Exercise =>
Output the lines of the entries below beginning at the one with "Bính Ngọ Hơn" and ending with the last, exactly as written and without pictures.

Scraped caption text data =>
:::::

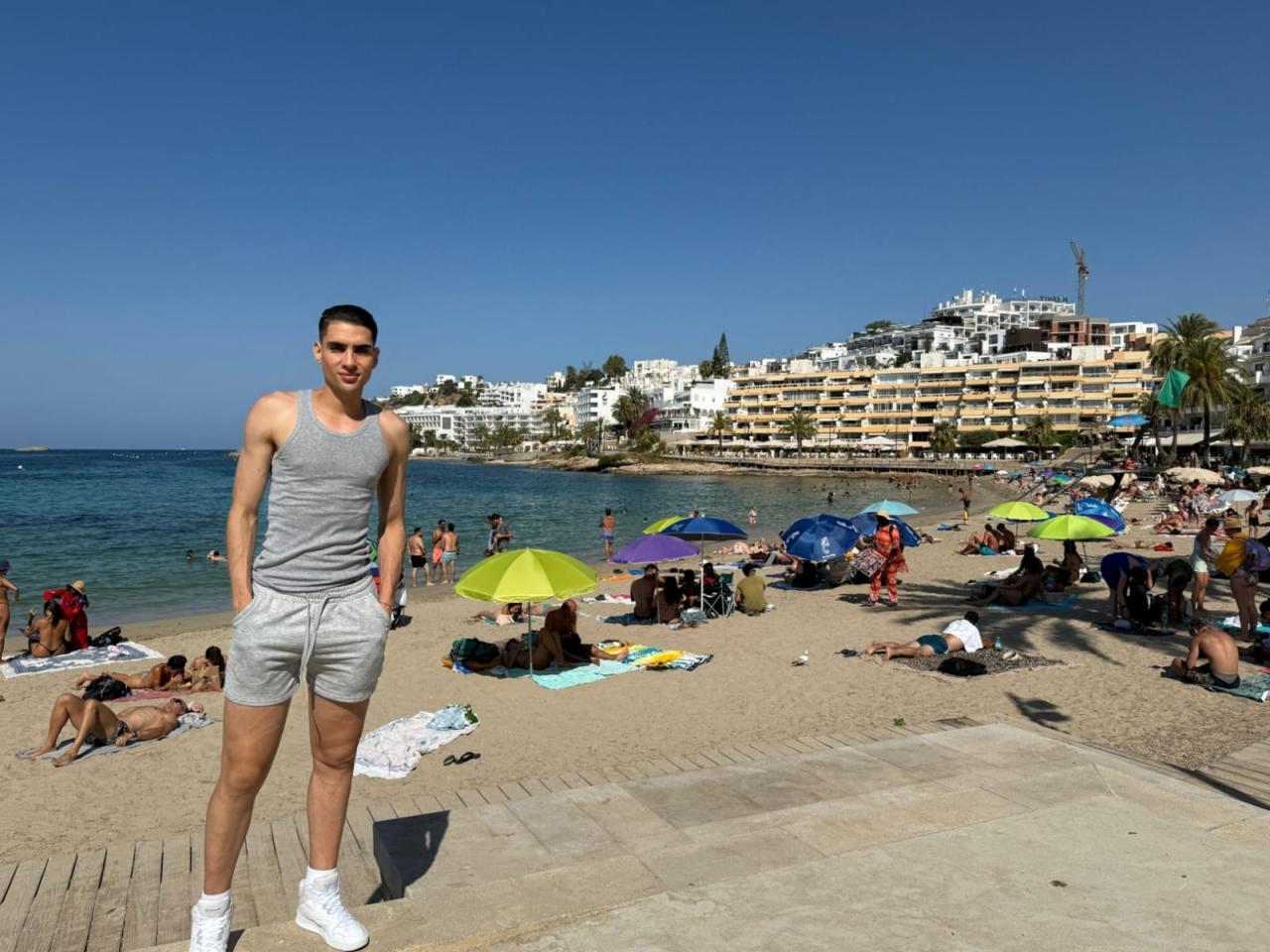 Chico busca chica en Madrid: 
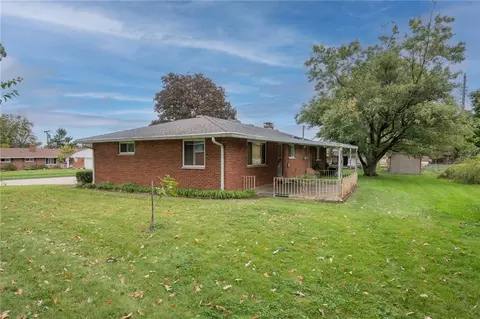 Exterior - 1204 Chateau Dr, Kettering, OH 45429 photo 4 of 7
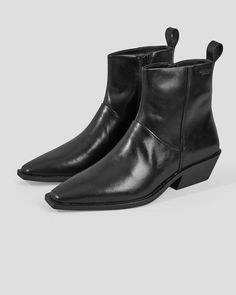 A timeless black boot for all occasions. Vagabond Shoes is based in Sweden and designed in-house. This shoe is made in Vietnam. – Heel height: 44 mm / Shaft height: 150 mm / Shaft width: 261 mm – Upper material: Leather / Lining material: Textile / Insole cover: Leather / Outsole: TPU [ lining is made from 100% recycled polyester and insole is made from chrome-free tanned leather. ] – Images via Vagabond Shoemakers Vagabond Brooke Penny Boots, Luxury Business Boots In Textured Leather, Luxury Black Business Boots, Minimal Chic Boots, Luxury Sleek Business Boots, Vagabond Black Boots, Chelsea Boots Men Outfit, Vagabond Shoemakers, Boots Men Outfit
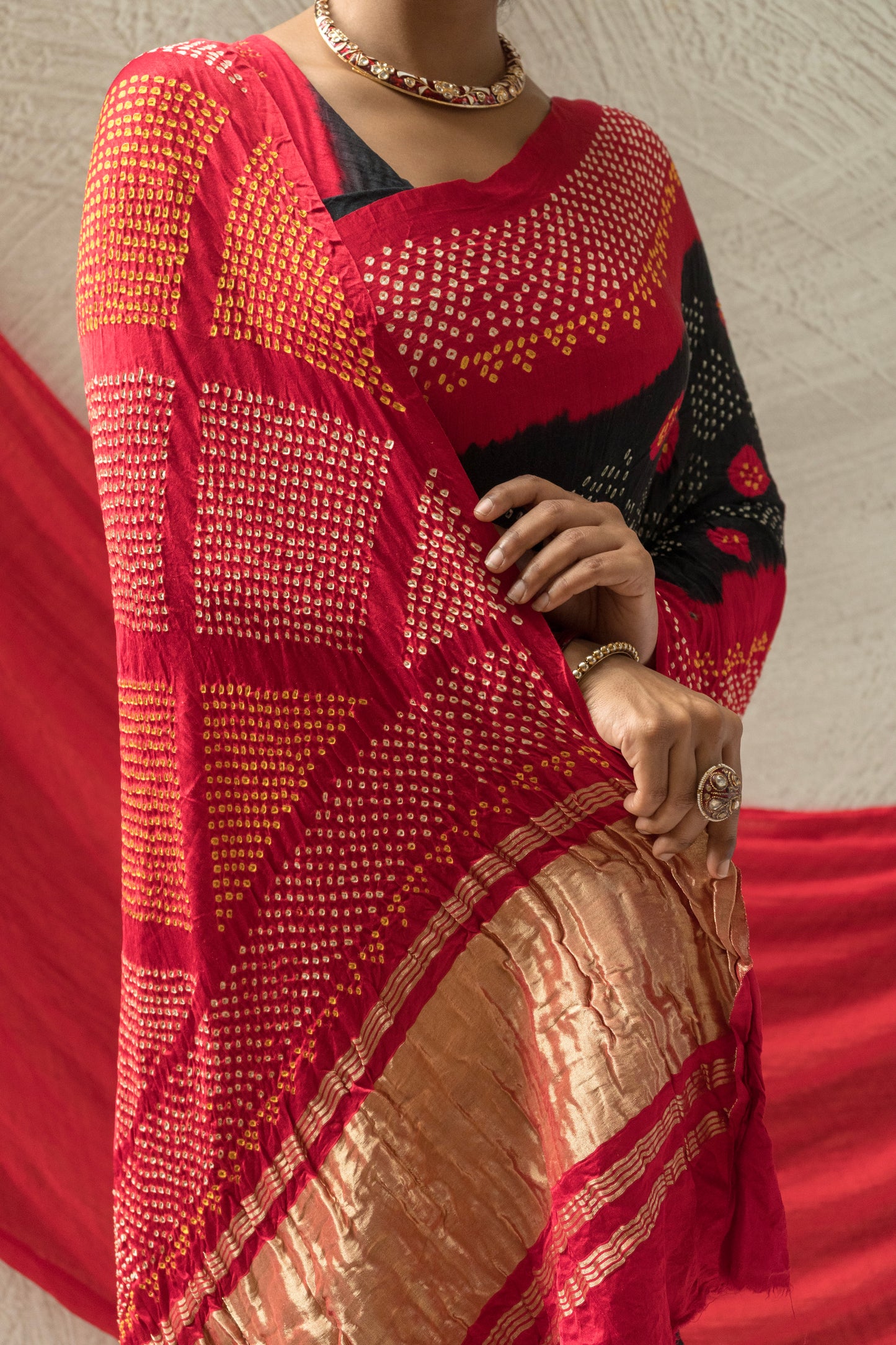 Gajji Red Black Bandhej Saree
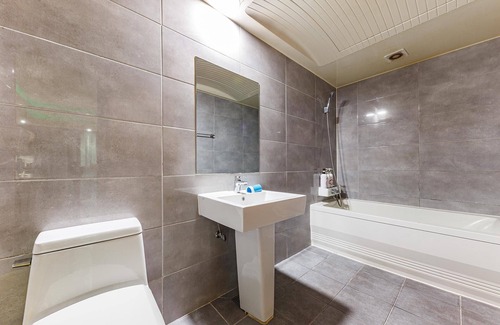 Chunghung Hotel | Gwangju Sinan-dong Love Story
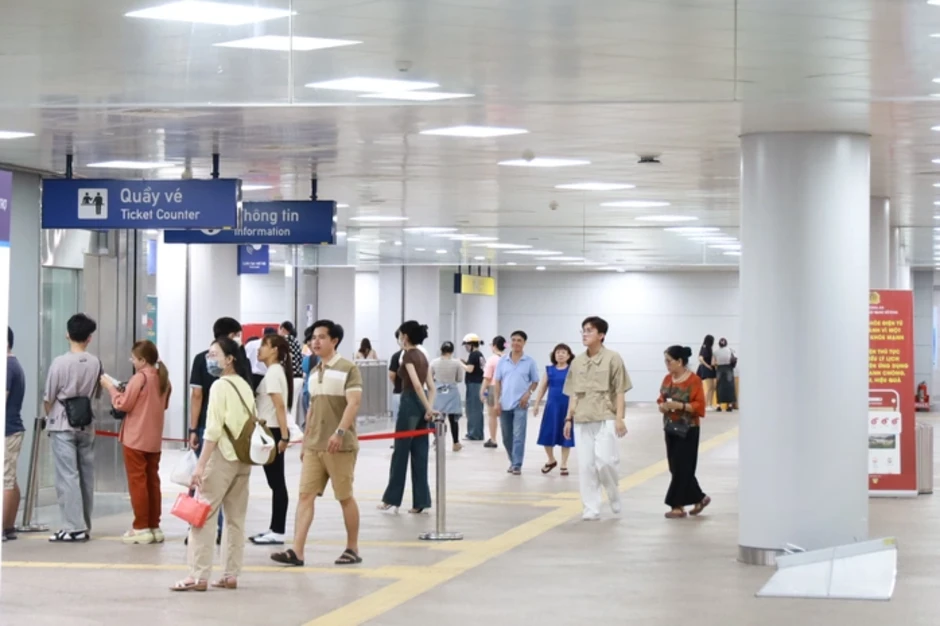 Hơn nửa triệu lượt khách đi metro Bến Thành - Suối Tiên dịp Tết Bính Ngọ Hơn nửa triệu lượt khách đi metro Bến Thành - Suối Tiên dịp Tết Bính Ngọ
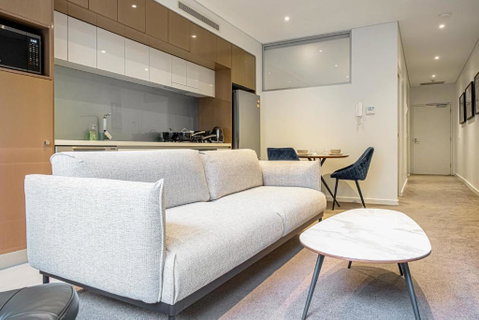 Modern Urban Retreat 1BR Apt Near Chatswood - Tourism Brisbane 2
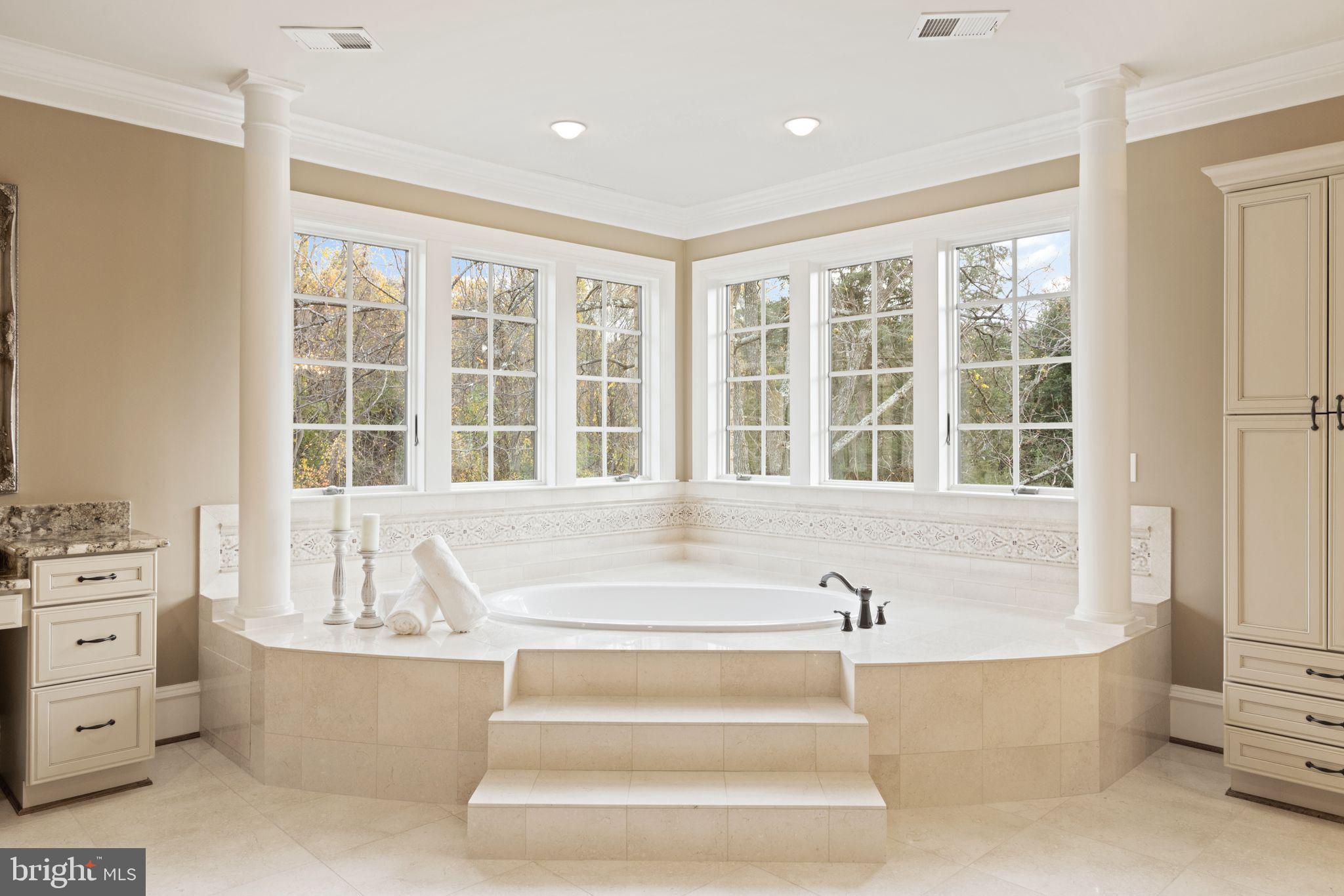 1105 Towlston ROAD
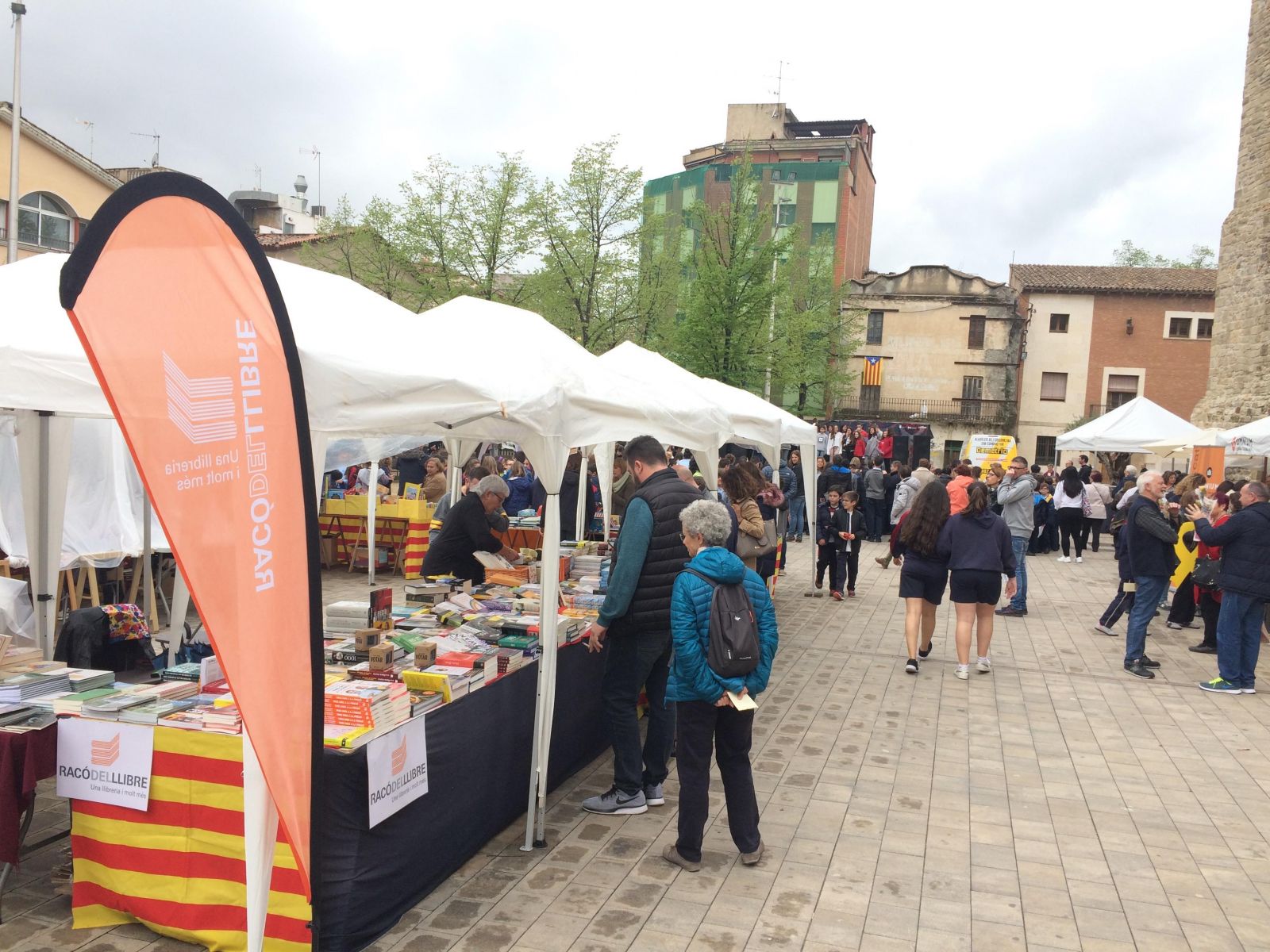 Sant Jordi a Rubí en imatges Sant Jordi a Rubí en imatges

:::::

Result =>
 Hơn nửa triệu lượt khách đi metro Bến Thành - Suối Tiên dịp Tết Bính Ngọ Hơn nửa triệu lượt khách đi metro Bến Thành - Suối Tiên dịp Tết Bính Ngọ
 Modern Urban Retreat 1BR Apt Near Chatswood - Tourism Brisbane 2
 1105 Towlston ROAD
 Sant Jordi a Rubí en imatges Sant Jordi a Rubí en imatges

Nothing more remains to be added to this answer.